→ Task inputs:
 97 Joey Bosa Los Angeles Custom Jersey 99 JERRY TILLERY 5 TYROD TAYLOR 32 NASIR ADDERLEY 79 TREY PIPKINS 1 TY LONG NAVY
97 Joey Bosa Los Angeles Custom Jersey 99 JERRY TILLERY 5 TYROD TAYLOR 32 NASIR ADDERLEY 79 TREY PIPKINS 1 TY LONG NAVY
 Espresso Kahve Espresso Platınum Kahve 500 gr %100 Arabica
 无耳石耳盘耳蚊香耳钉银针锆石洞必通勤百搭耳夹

--

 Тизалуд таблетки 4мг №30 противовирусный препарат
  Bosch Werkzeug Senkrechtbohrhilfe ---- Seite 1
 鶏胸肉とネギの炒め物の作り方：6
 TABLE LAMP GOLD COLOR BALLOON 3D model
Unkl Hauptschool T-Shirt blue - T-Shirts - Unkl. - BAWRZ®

→ Problem requirements:
Among the records above, extract exactly the lines from the line with "鶏胸肉とネギの炒め物の作り方：6" to the line with "Unkl Hauptschool T-Shirt", both lines included, and leave out the rest.

→ Answer to this problem:
 鶏胸肉とネギの炒め物の作り方：6
 TABLE LAMP GOLD COLOR BALLOON 3D model
Unkl Hauptschool T-Shirt blue - T-Shirts - Unkl. - BAWRZ®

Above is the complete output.